People go to therapy for many reasons. So, it’s easy to use that as a way to introduce the topic of your mental health into your dating relationship. It can be as simple as mentioning that you have a therapy appointment coming up. Just by doing that, you’ve opened up the topic and created an opportunity to see how they react to the idea of therapy.

Talk About it in The Context of Your Current Struggles

If you simply disclose a diagnosis, you may have to explain the details of what that means for you. Instead, you may feel more comfortable if you frame what you go through in a relatable way.

For example, you might say, “Yeah, I’m excited to spend the weekend with my parents. It’s been awhile. When I’m depressed I self-isolate quite a bit.”

Discuss Your Coping Strategies

If you’ve developed coping strategies to keep your mental health on track, let your partner know. They won’t misinterpret what’s happening. Even better, they will see your mental illness as something you proactively manage. 

For example, “Don’t worry if I step out for a minute. Crowds make me feel a bit anxious and panicky. Fortunately, a little space and fresh air really help.”

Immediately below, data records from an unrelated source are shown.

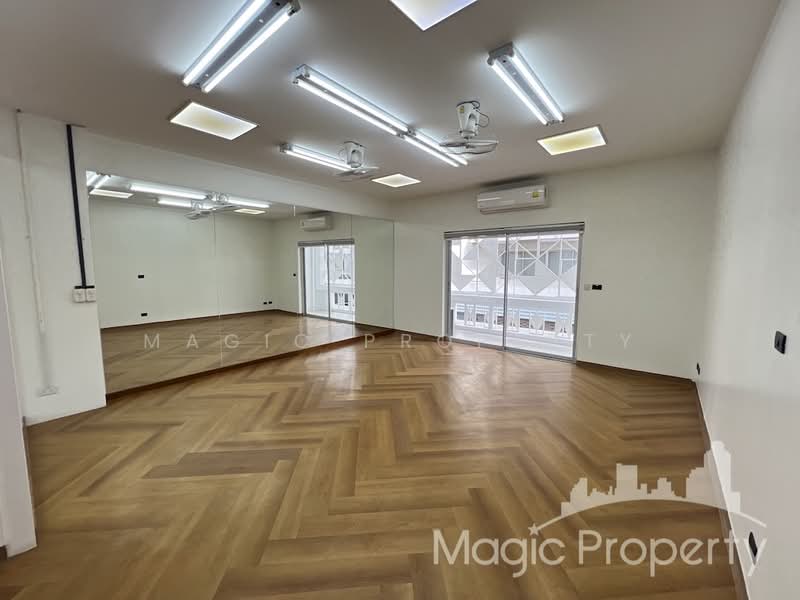 Park Avenue Ekkamai, Bangkok, Khlong Tan Nua, Watthana, Bangkok, , 280 sqm, Shophouse For Rent, by Magic Property, 500440997 - DDproperty.com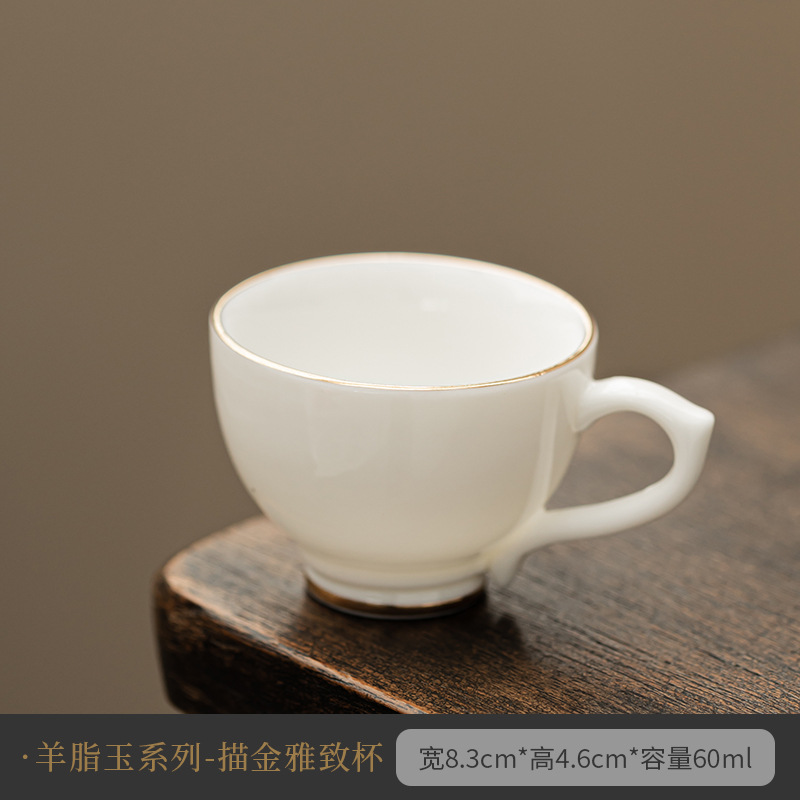 Tasse élégante ornée d'or de la série Jadeite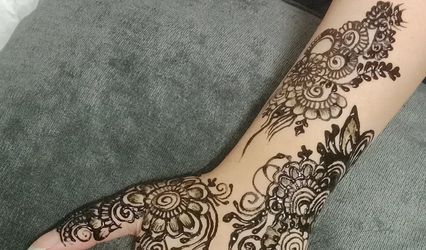 Elegant Henna by Mehak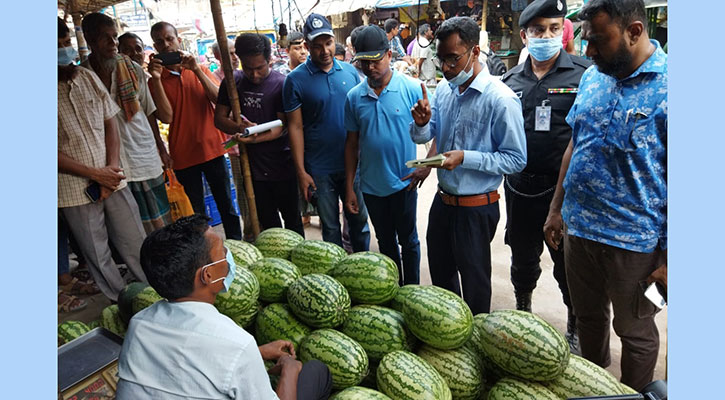 জয়পুরহাটে কেজি দরে তরমুজ বিক্রি, ১০ ব্যবসায়ীকে জরিমানা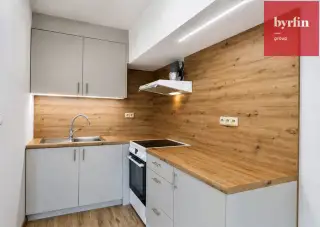 Pronájem moderního bytu 2+kk, 38 m² – ideální pro studenty |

Contextualize it When You Discuss Your Needs in The Relationship

It’s okay to ask for support in a relationship. The best approach is to be clear and direct. Tell your partner what you need. Do you need them to give you extra notice when planning dates? Do you prefer to avoid crowded places? Say so! 

Bring up Mental Illness as a General Topic

You don’t have to talk about yourself to discuss mental illness. You can bring up a relevant event or news story. Express concern about the mental health of those involved or mention that the event might have been prevented with better mental health support.

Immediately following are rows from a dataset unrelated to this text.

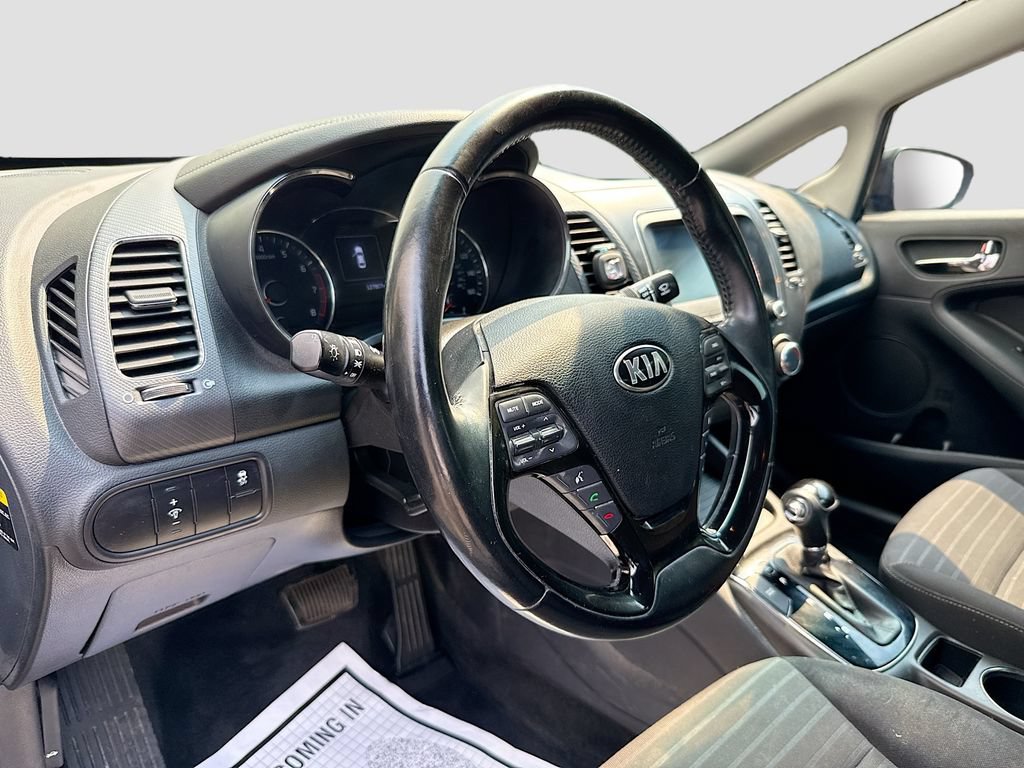 Used 2017 Kia Forte S FWD image 10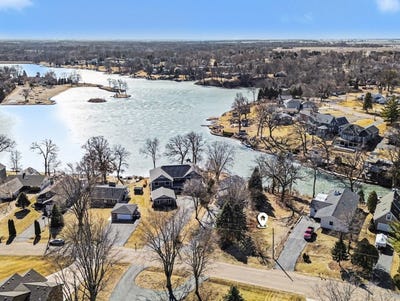 /international/us/269-easy-street-lake-holiday-il-110104480792/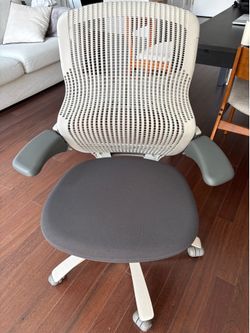 Knoll Generation Chair (Like New)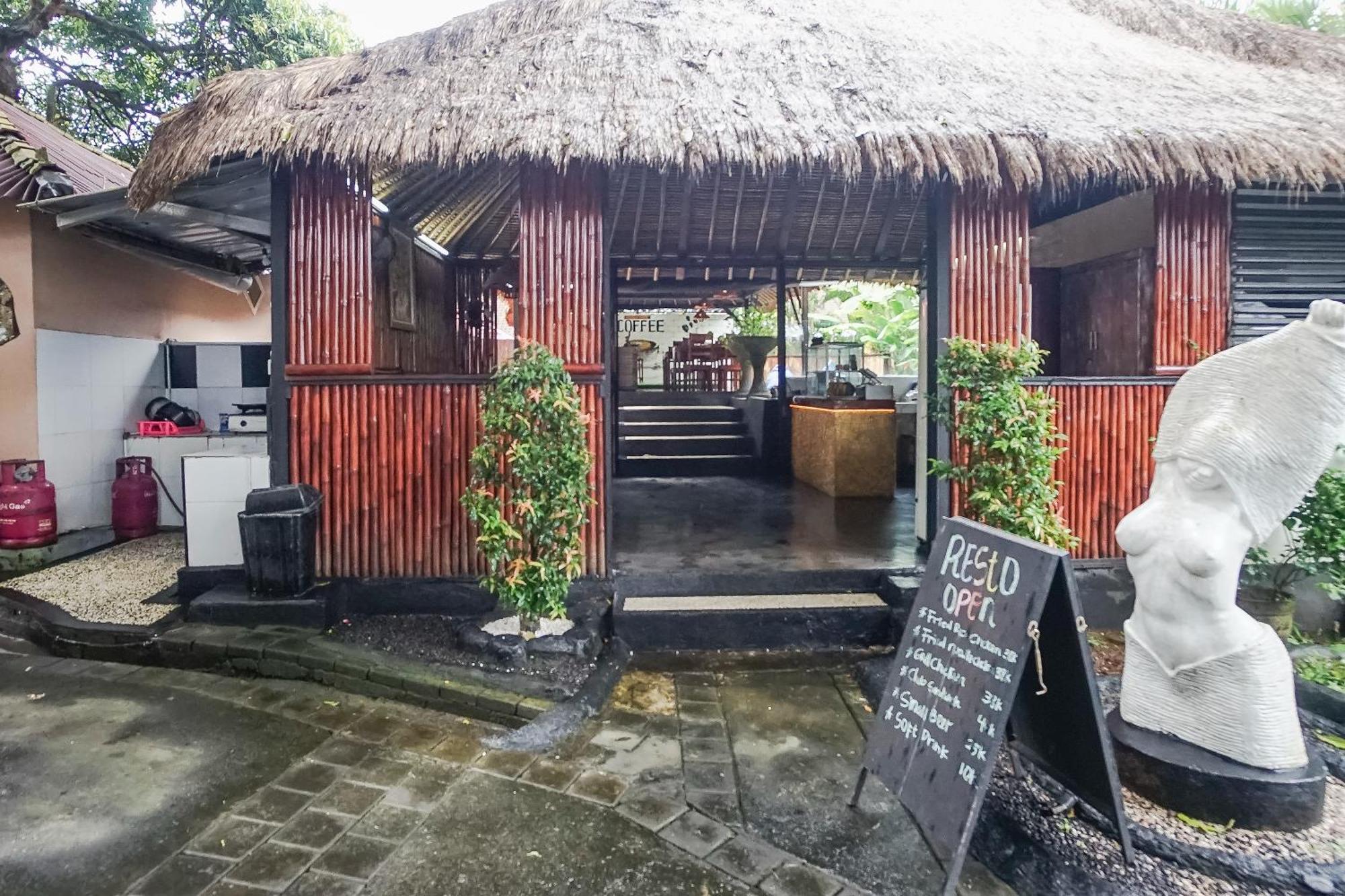 Kampung 168 Jimbaran Hotel Luaran gambar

This is a good approach early in a relationship. It allows you to see a potential partner’s attitudes towards mental illness.

Recognizing Relationship Red Flags

Is your dating situation making your mental health worse? Look for these red flags.

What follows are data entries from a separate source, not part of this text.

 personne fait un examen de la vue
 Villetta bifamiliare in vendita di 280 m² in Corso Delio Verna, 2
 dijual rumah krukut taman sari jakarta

  • Your partner doesn’t know how to regulate their own emotions

  • They try to counsel or doctor you with unsolicited advice 

  • You find yourself slipping back into unhealthy behaviors and patterns

  • They disrespect or ridicule your mental health boundaries

Being a Supportive Partner

The person you’re dating has disclosed their mental illness. First, this is a good thing. They trust you enough to share this about themselves and may see this relationship going somewhere. 

At the same time, you might feel anxious and unsure of how to react or how their health will impact your relationship. Here are some tips to help you be a supportive partner while leaving them the responsibility of managing their own health.

  • Don’t assume that mental illness will make the relationship hard all of the time

  • Show understanding: Know your partner doesn’t want to feel depressed, anxious, or agitated

  • Don’t play nurse or babysitter and don’t run interference for the

  • Educate yourself - don’t make it their job to increase your understanding

  • Ask what you can do to support them

  • Don’t second guess their medications or doctor’s advice

  • Don’t make comparisons between them and other people with their condition

Final: Maintaining Good Mental Health While Dating 

Your mental health is important, and even good relationships can challenge that. You don’t need to have a diagnosed condition to make your mental health a priority. Pay attention to your emotions and moods. Take time for self care. Finally, reevaluate any relationship that makes you feel bad.